A retired Boeing engineer here (tdracer) explained (my very rough summary) that the 757 was designed in and for a different economy (the 1980s). A very expensive aircraft to build and buy (although efficient with relatively low operating costs), in an era with no narrow-body competition from Airbus (yet). Once production ended in 2004, all the jigs and other dedicated production equipment were disposed of. So no economically-rational way to revive it when Boeing needed to compete with the A321neo.

With luck, he will be along to correct my "interpretation" of his words, where needed.
That's pretty accurate pattern... With the introduction of the 737-900 (Next Generation), it could do nearly everything a 757 could do (except for range), and cost much less to buy. When Boeing made the decision to pull the plug on the 757, orders had dried up and the rate was down to one/month (while production officially ended in 2004, the decision was made in the aftermath of 9/11 - long lead parts mean it takes a couple years to wind down a production line). Since the 757 required a dedicated assembly line, that meant a huge amount of overhead to build one aircraft per month, while the 737 rate was approaching one aircraft per day - spreading that factory overhead cost over a much larger number of aircraft.
The other problem for the 757 was that it had a huge wing - fine for the 180-220 passenger market, but trying to shrink it down for the 150-180 passenger market would have meant carrying far more wing than you needed - more weight, more drag, more costs (that's why 'shrinks' seldom work, while stretches usually do).

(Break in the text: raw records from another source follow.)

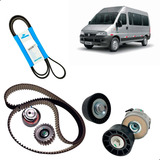 Kit Correia Dentada + Kit Correia Alternador Ducato 2.3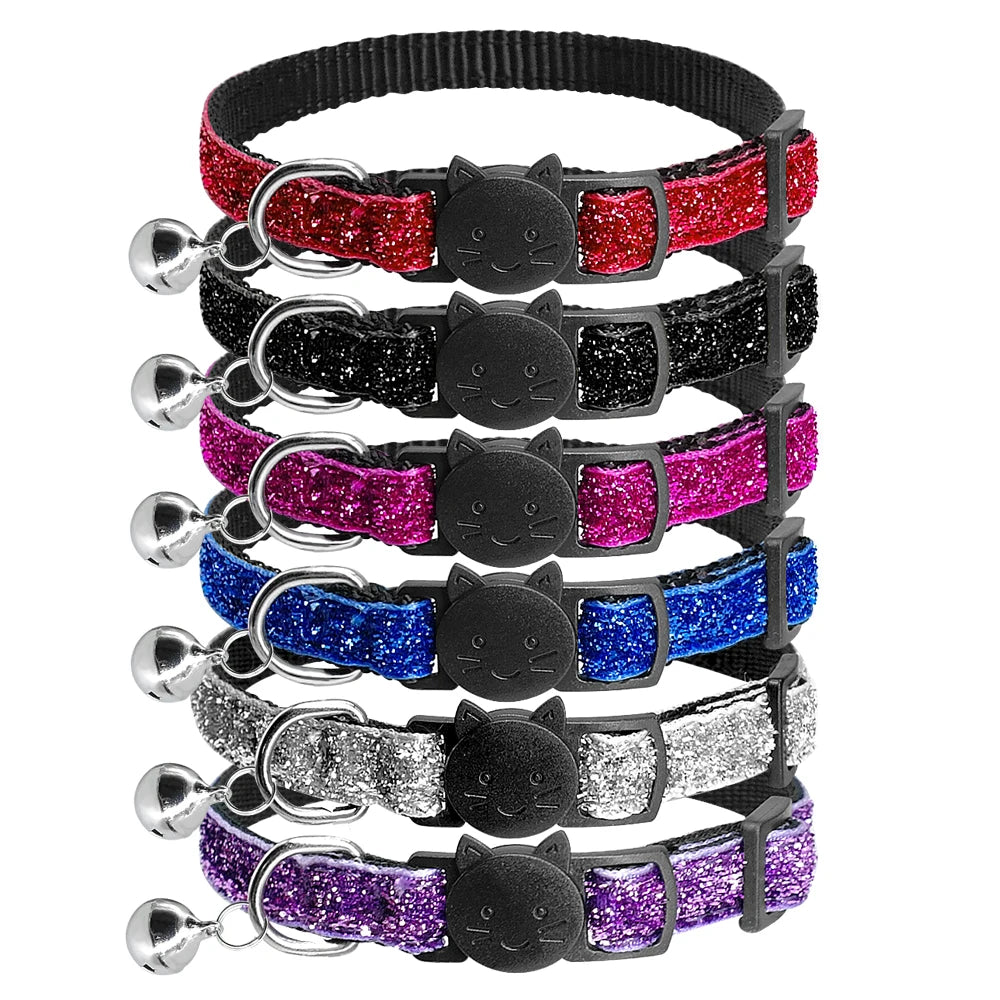 Cute Fruit Print Cat Collar with Bell – Adjustable Quick Release Safety Collar for Cats & Kittens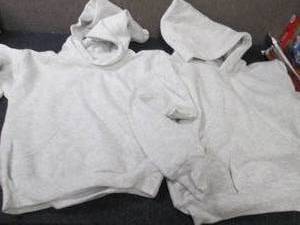 lot 16 image: 2 Youth Small Grey Hooded Sweatshir...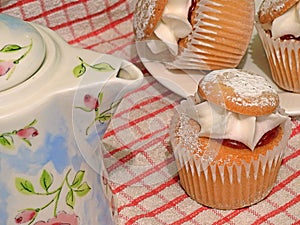 Retro cupcake tea party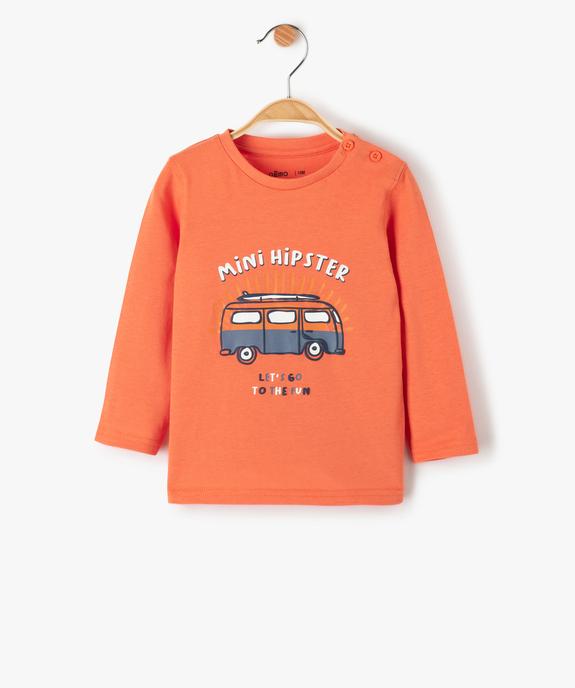 Tee-shirt bébé garçon imprimé fantaisie vue1 - GEMO(BEBE DEBT) - GEMO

In the 2010 time-frame, Boeing was working on a new, clean sheet of paper replacement for the 737 (I had friends that were working it). But Airbus pretty much caught Boeing off-guard when they launched the A320 NEO. A new clean sheet design would have taken years longer to reach the market - then years more to bring the production rate up to the 40-50/month rate that the 737 and A320 series were at. It would have meant conceding nearly the entire single aisle market to Airbus for the better part of 10 year, while the 737 MAX could reach the market shortly after the NEO and the 737 rate was already in the 40-50/month range. With the benefit of 20-20 hindsight and the MAX fiasco, going with an all-new aircraft looks a lot better, but at the time the MAX was launched, it seemed like the best option.